Assignment = Using the data below, restate exactly every line from the one with "noelle_holiday, deltarune, luci_star, breasts, nude" up to and including the one with "Klaire Labs Ther-Biotic". No picture belongs in it.

Working data =
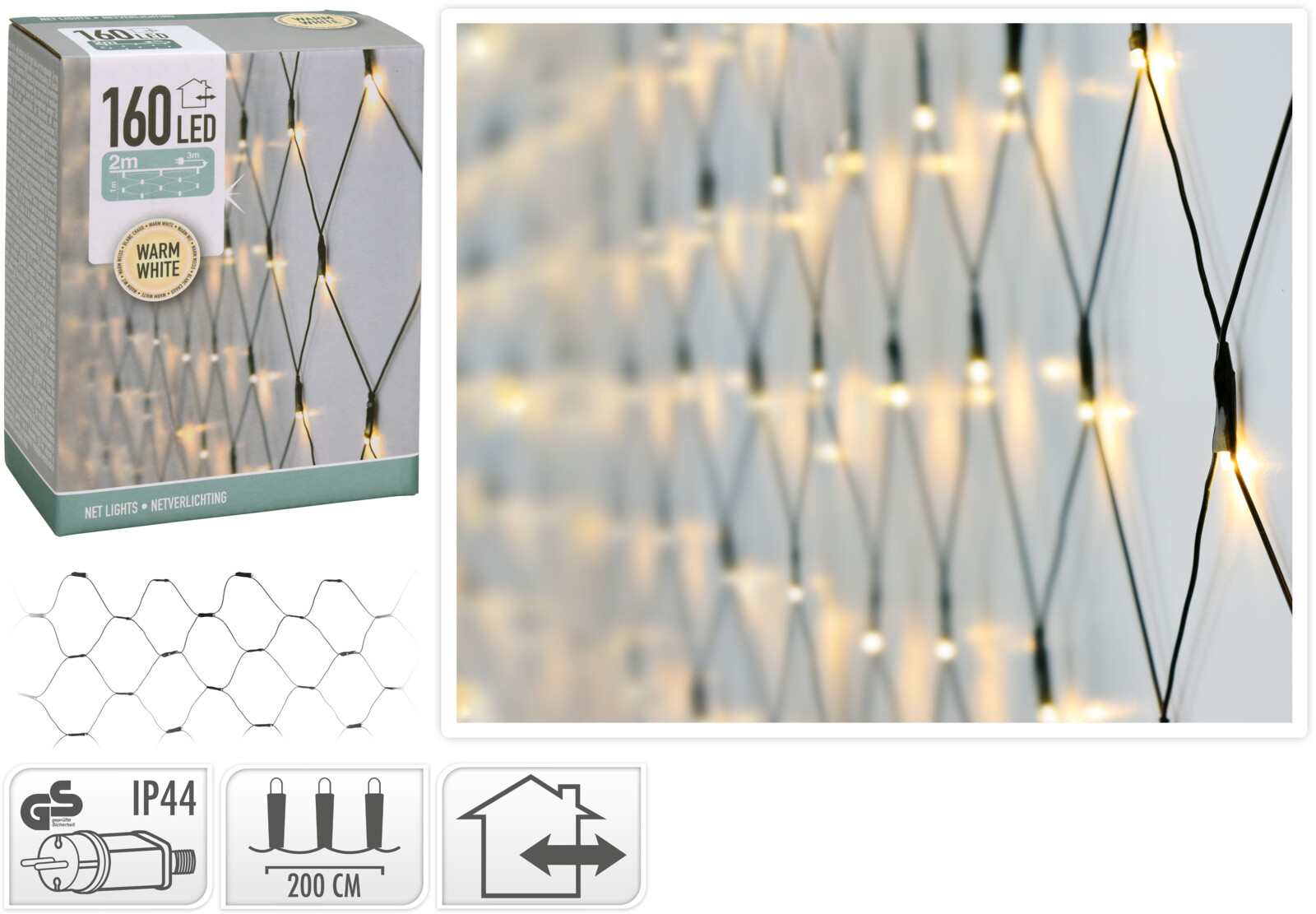 Valgusvõrk 2x1m 160 LED soe valge IP44 must juhe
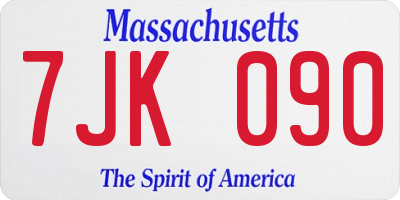 MA license plate 7JK090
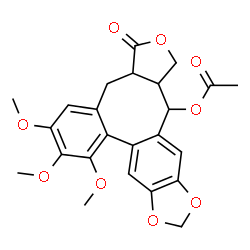 ChemSpider 2D Image | 6,7,8-Trimethoxy-3-oxo-1,3,3a,4,14,14a-hexahydrobenzo[3,4]furo[3',4':6,7]cycloocta[1,2-f][1,3]benzodioxol-14-yl acetate | C24H24O9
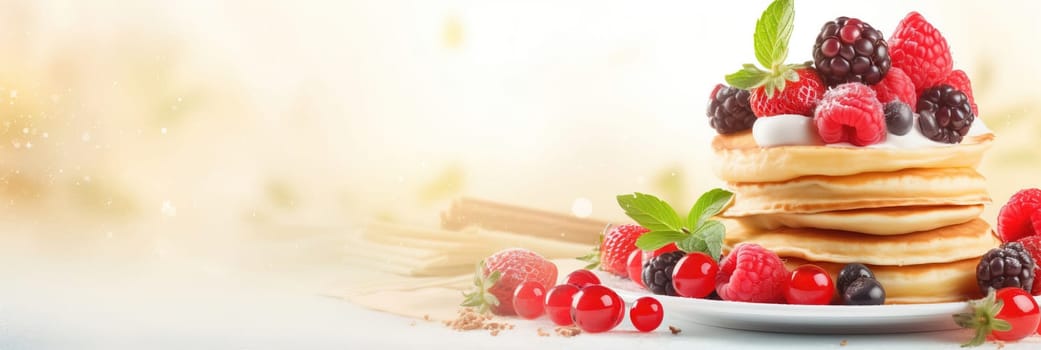 Stack of pancakes with berries. Advertising banner, web banner. Lush delicious pancakes with blueberries, raspberries and syrup for homemade breakfast. Lifestyle concept of food, cooking. Copy space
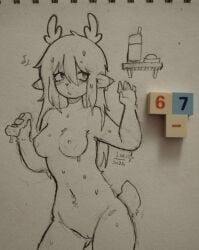 noelle_holiday, deltarune, luci_star, breasts, nude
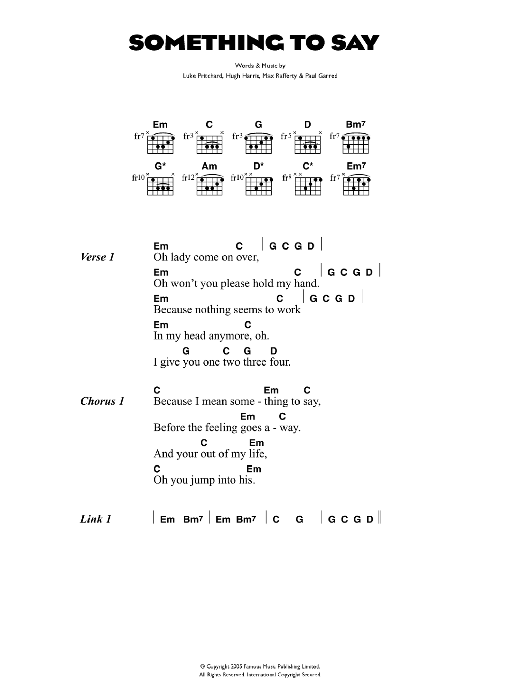 The Kooks Something To Say sheet music notes and chords. Download Printable PDF.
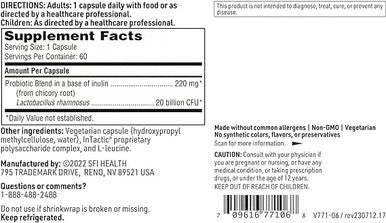 Klaire Labs Ther-Biotic Factor 1 Probiotic - Lactobacillus Rhamnosus Single Species Probiotic - 20 Billion CFU - Dairy-Free Gut + Immune Support - L Rhamnosus Probiotics - Hypoallergenic (60 Capsules)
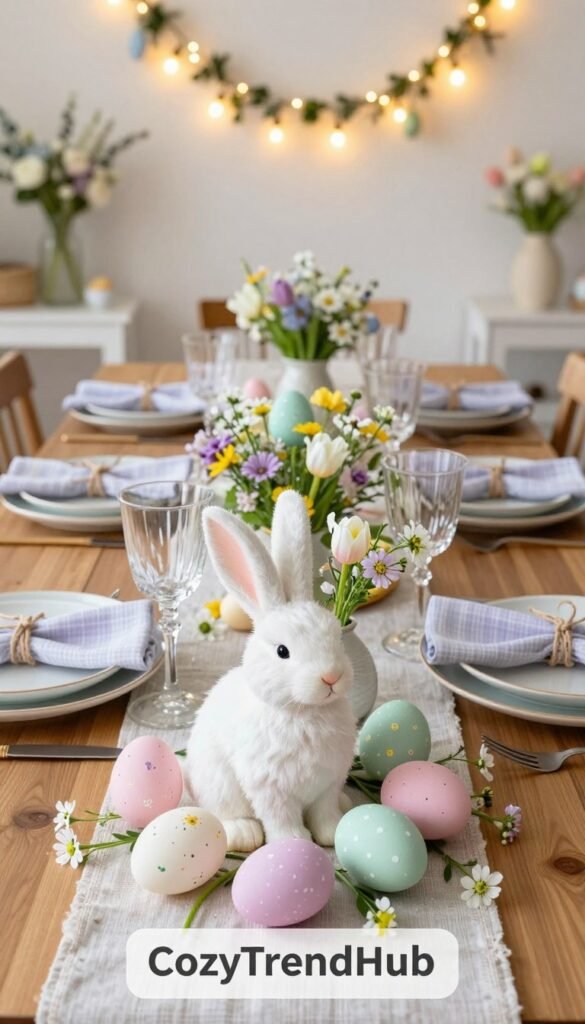A beautifully arranged Easter table centerpiece featuring an array of pastel-colored decorations. In the foreground, a whimsical white bunny sits among an assortment of decorative eggs in soft pink, mint green, and lavender hues, surrounded by delicate wildflowers. The middle section showcases a well-set table with charming, mismatched ceramic plates, elegant glassware, and cheerful napkins tied with twine. In the background, a softly lit room adorned with spring-themed garlands and fairy lights adds warmth to the atmosphere. The lighting is bright yet warm, enhancing the cozy, inviting feel of a family-friendly gathering. This image reflects a Pinterest-inspired, stylish aesthetic, perfect for "CozyTrendHub." A beautifully arranged Easter table centerpiece featuring an array of pastel-colored decorations. In the foreground, a whimsical white bunny sits among an assortment of decorative eggs in soft pink, mint green, and lavender hues, surrounded by delicate wildflowers. The middle section showcases a well-set table with charming, mismatched ceramic plates, elegant glassware, and cheerful napkins tied with twine. In the background, a softly lit room adorned with spring-themed garlands and fairy lights adds warmth to the atmosphere. The lighting is bright yet warm, enhancing the cozy, inviting feel of a family-friendly gathering. This image reflects a Pinterest-inspired, stylish aesthetic, perfect for "CozyTrendHub."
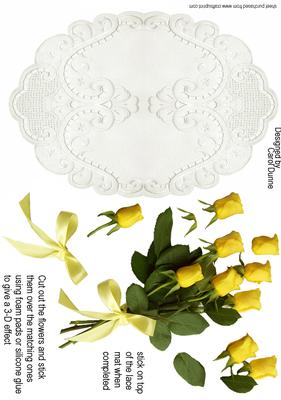 Lace Yellow Roses Decoupage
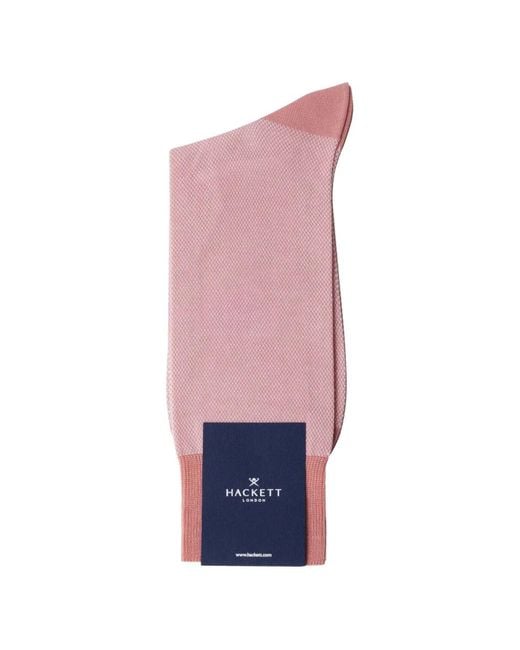 Hackett Pink Jacquard-Knit Birdseye-Pattern Socks for men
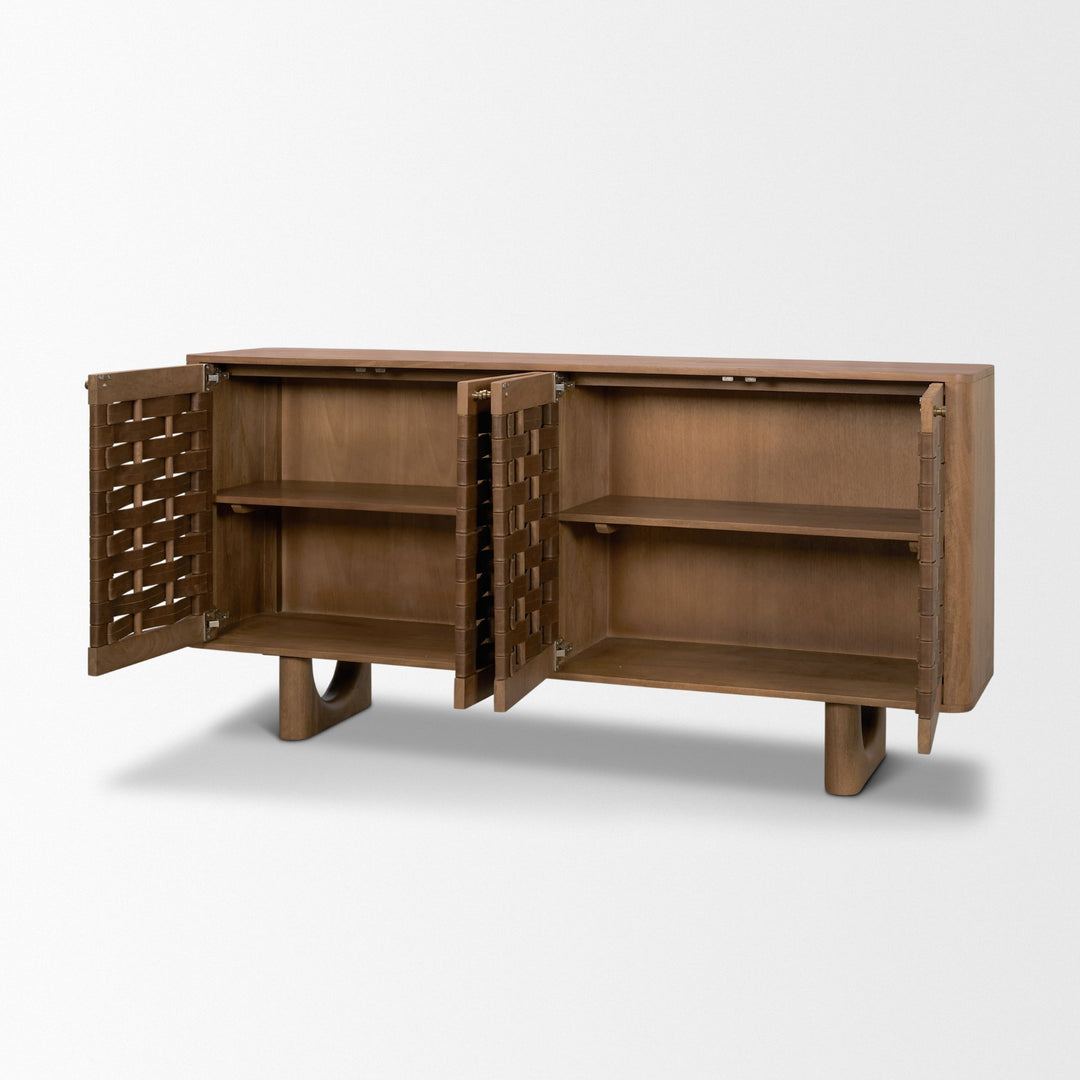 Wexlan Solid Wood w/ Leather Weave 4 Door Closed Sideboard
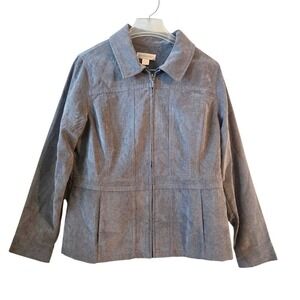 Christopher & Banks Women Jacket Gray Full Zip Corduroy Classic Workwear Size L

Expected output =
 noelle_holiday, deltarune, luci_star, breasts, nude
 The Kooks Something To Say sheet music notes and chords. Download Printable PDF.
 Klaire Labs Ther-Biotic Factor 1 Probiotic - Lactobacillus Rhamnosus Single Species Probiotic - 20 Billion CFU - Dairy-Free Gut + Immune Support - L Rhamnosus Probiotics - Hypoallergenic (60 Capsules)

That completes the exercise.